The Roadhouse VTX1300C Model slip-on kit comes nicely packaged to prevent shipping damage and includes everything necessary for installation except the tools. In addition to the pair of polished slip-ons, the kit includes heat shields that cover the junction to the mufflers, a muffler bracket and assorted clamps and fasteners. A close inspection of our first-run units revealed no unwanted surprises. The craftsmanship is top-notch from the slick welds to the smooth chrome finish. Roadhouse guarantees their products against defects in material and construction for one year.

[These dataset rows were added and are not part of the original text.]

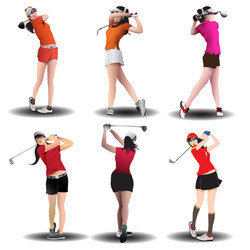 Female Golfers Vector Images (over 1,000)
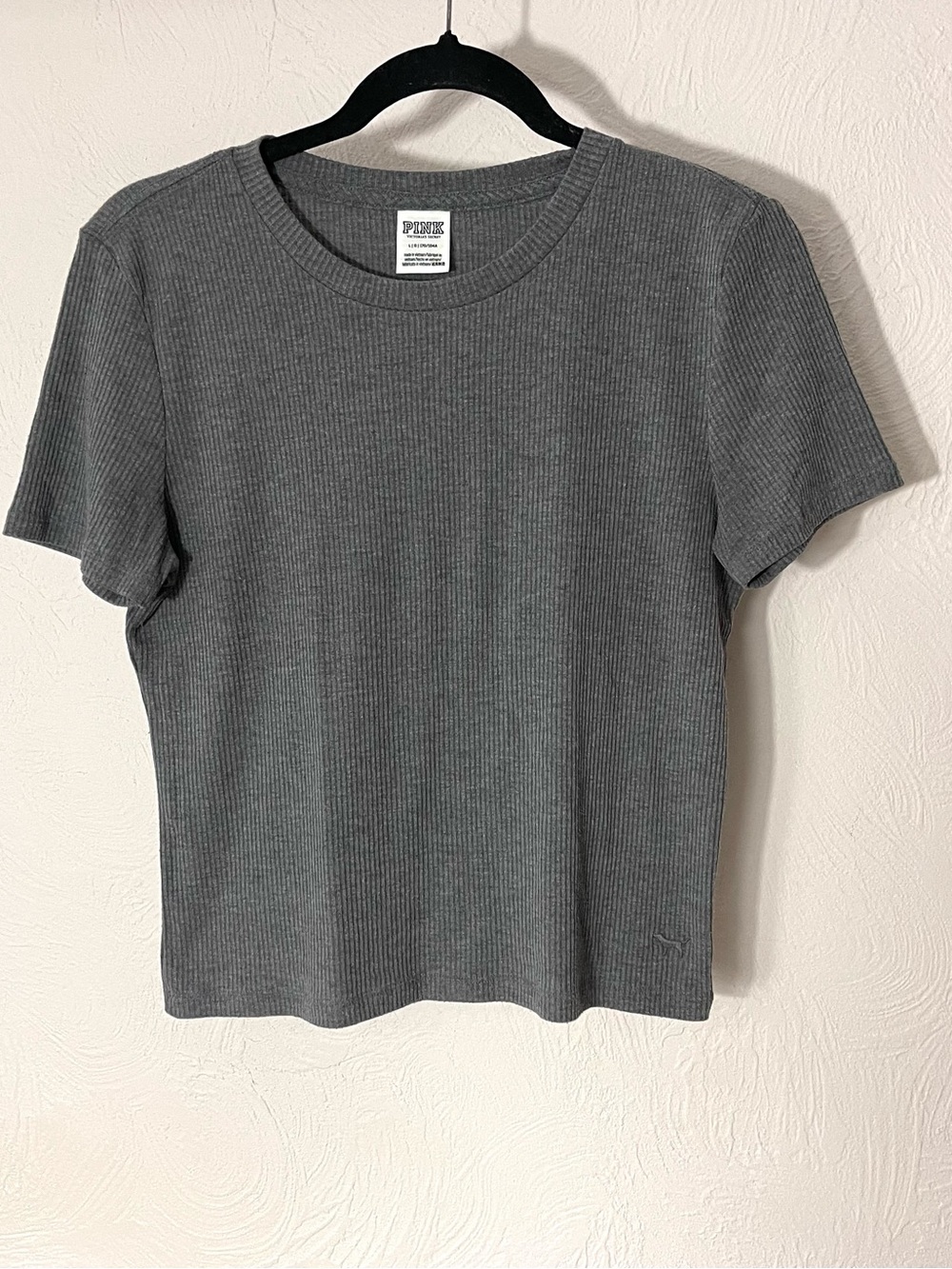 PINK Victoria's Secret Charcoal Ribbed Short Sleeve Tee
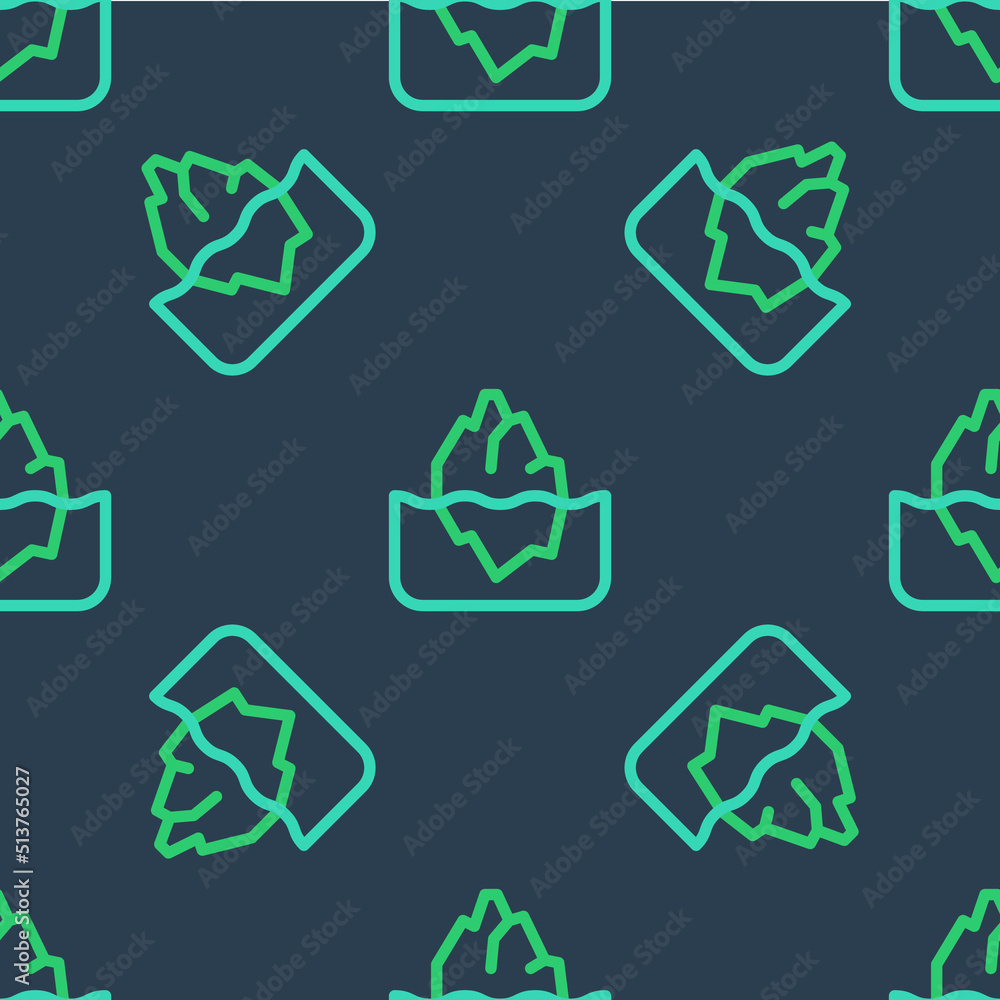 Line Iceberg icon isolated seamless pattern on blue background. Vector Line Iceberg icon isolated seamless pattern on blue background. Vector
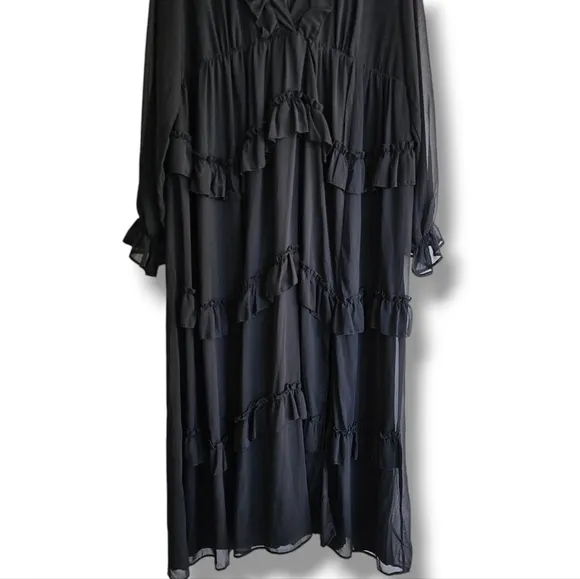 boohoo Plus Frill Plunge Ruffle Maxi Dress Black Size 20 Tiered Front Slit NEW
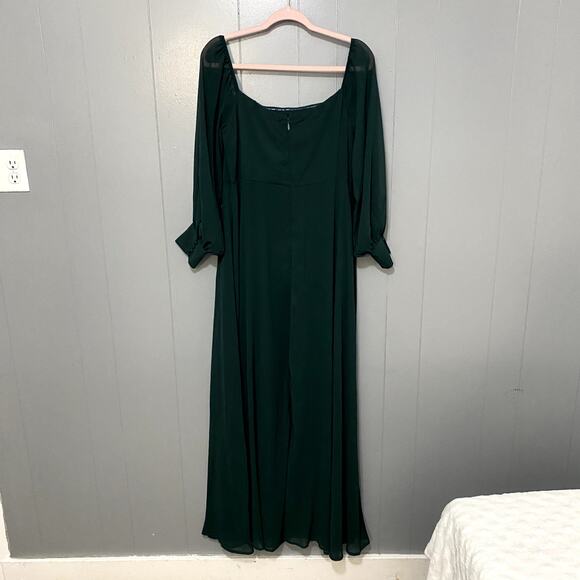 NWOT Lulus Feel the Romance Emerald Green Off-the-Shoulder Maxi Dress 1X - Picture 5 of 9
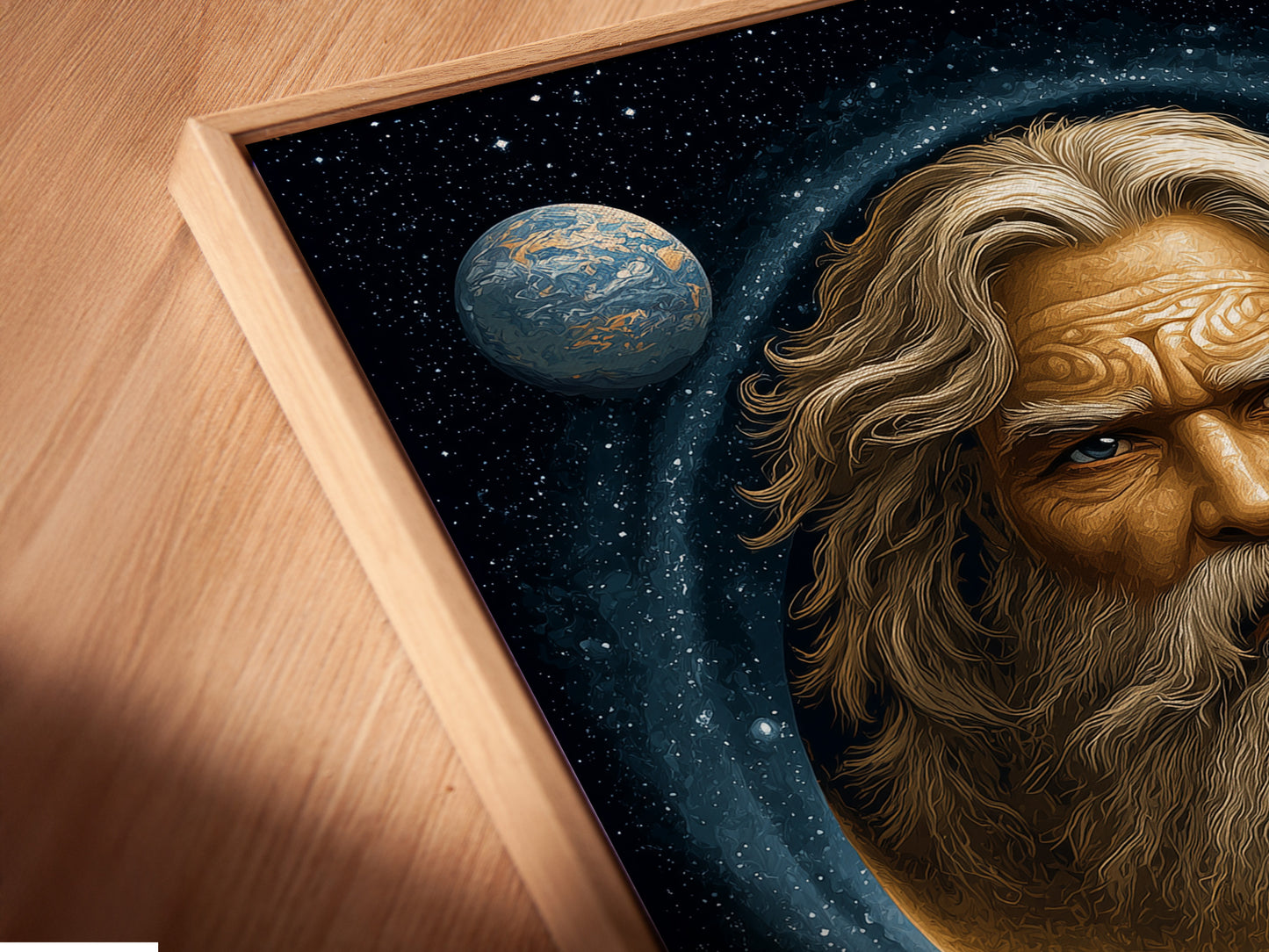A close-up of a canvas print in a floating frame. The cosmic portrait wall art showcases a celestial man in the moon. This surreal space canvas print will add a mystical feel to your home. Great for Living Rooms Offices Meditation Rooms studios lobbies and wellness centers.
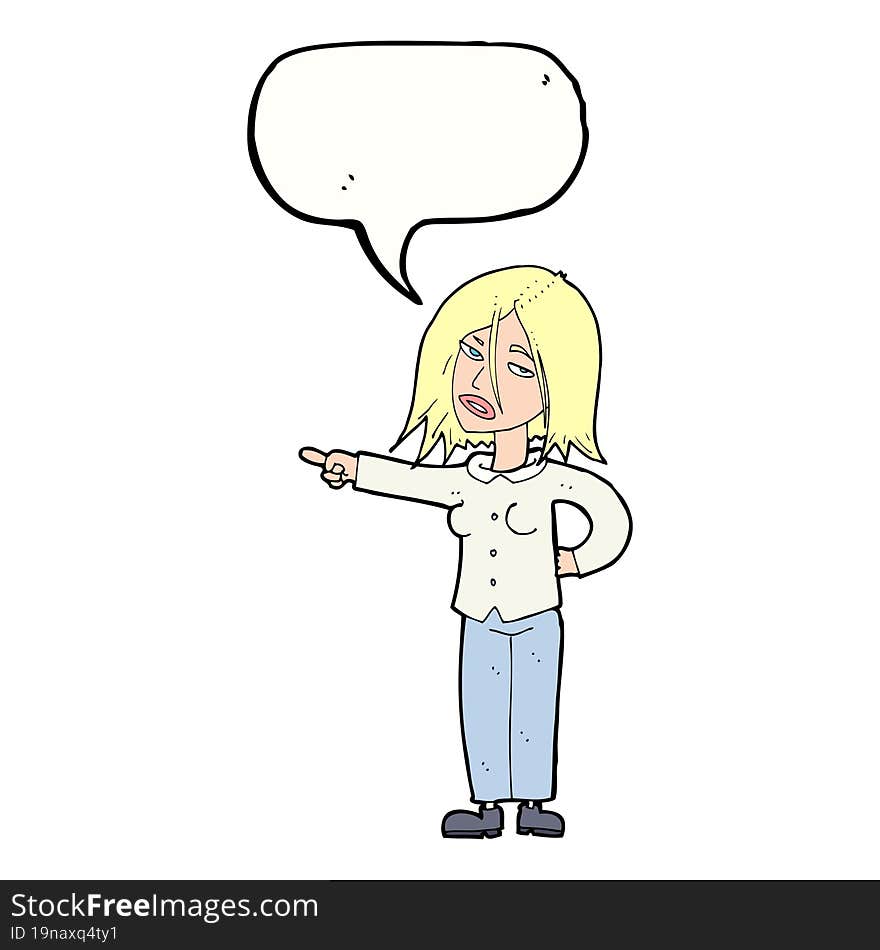 cartoon woman pointing with speech bubble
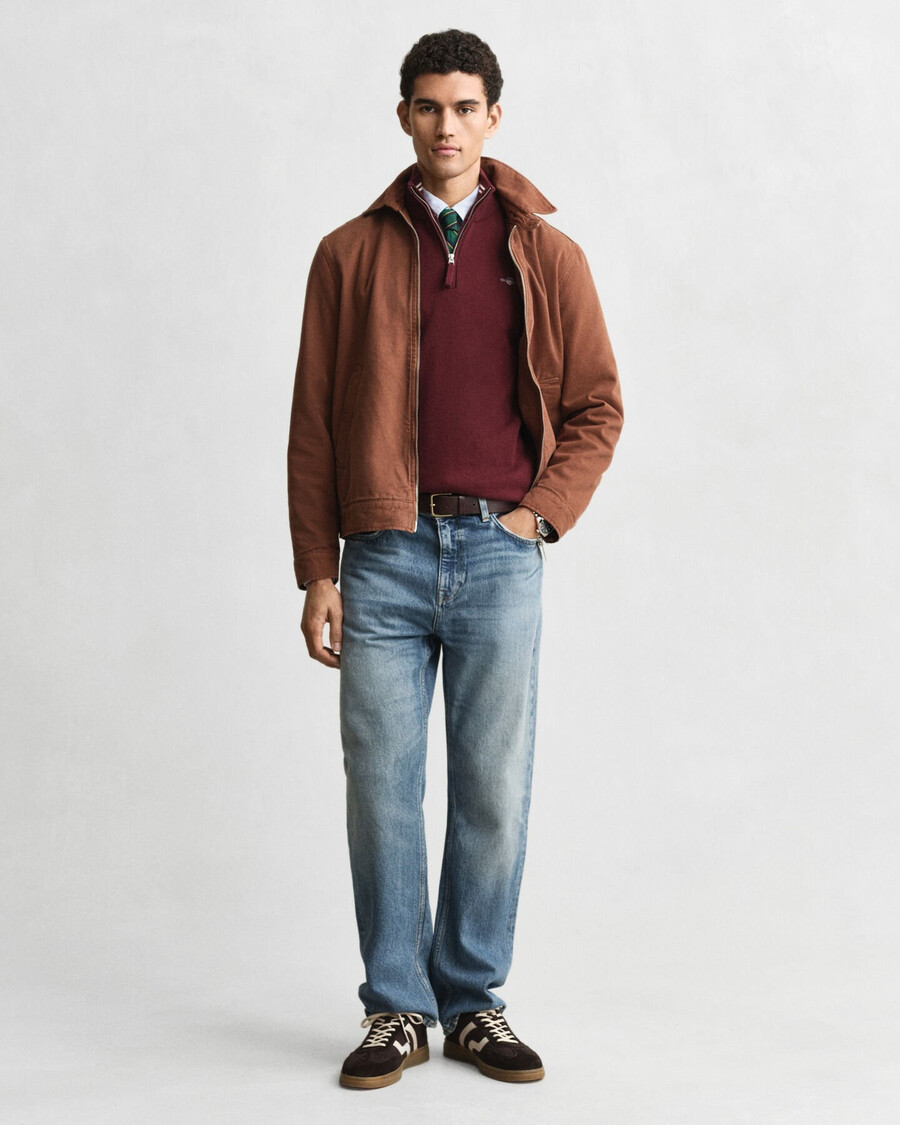 maglione con mezza zip in lana dagnello superfine - bordeaux melange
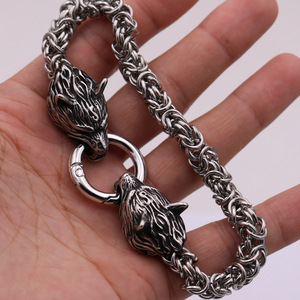Nouveau bracelet gothique pour homme, serpent, tête de <span class=keywords><strong>lion</strong></span>, crâne, bracelets en acier inoxydable, design de créateur, sans ternissement, étanche, bijoux ALN25121163 - Product Image 2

Replacing the stock units with the Roadhouse slip-ons is a snap. It took about 15 minutes to remove the stock pipes and another 15-20 to install the well-made slip-ons. The installation process itself is well detailed in the instructions, with the exception of one item. The two slip-on pipes are so close in appearance it is difficult to tell which belonged on the top and which belonged on the bottom. Perhaps an indicator of some type would help alleviate any confusion in an otherwise simple process. Once that little issue was sorted out, the pipes were bolted on and the VTX was fired up in about 20 minutes. Roadhouse offers toll-free technical assistance if there is a problem that cannot be resolved on your own.
Once in place, the overall appearance doesn’t change too dramatically because the slip-ons look similar to the stock units. But the Roadhouse engineers designed a neat little trick into these babies. The slash-cut tips can be turned down to mimic the stock appearance. We preferred the slash-cut look. Also available for an extra $85 are shark fin tips.
The Roadhouse slip-ons not only do they improve the sound of the V-Twin, they also pare 7.5 lbs. from the bike. The stock units weigh in at 25.25 lbs. compared to the Roadhouse’s 17.75 lbs. Fitting slip-ons without making changes to the fuel or ignition system typically don’t boost power significantly, so we didn’t bother making another dyno run. No significant changes in performance were noticeable through our seat-of-the-pants dyno, but all our test riders much preferred the burlier exhaust sound and kept the revs up a bit more when cruising around the town to enjoy the aural pleasure. After riding the VTX for more than a month in stock trim, we were pleased to hear the bike in a moderately uncorked state.
Overall, the Roadhouse slip-ons made a significant improvement in the way we felt about the VTX. Shaving a few pounds never hurts, nor does improving exhaust flow. But the biggest gain was in the overall riding experience. Instead of rolling along in near silence, the VTX now blends in with big Twin customs seen trolling boulevards everywhere. The throaty bark of the 1300cc V-Twin adorned with the new slip-ons was not obnoxiously loud. Instead, the deep rumble was considered by all our resident testers to be more enjoyable than the muffled stock exhaust note.
At $469.99 the Roadhouse slip-ons are competitively priced with other slip-ons available for both the VTX1300 S or C models, plus you get the ability to run them in stock or slash-cut configurations in a matter of minutes.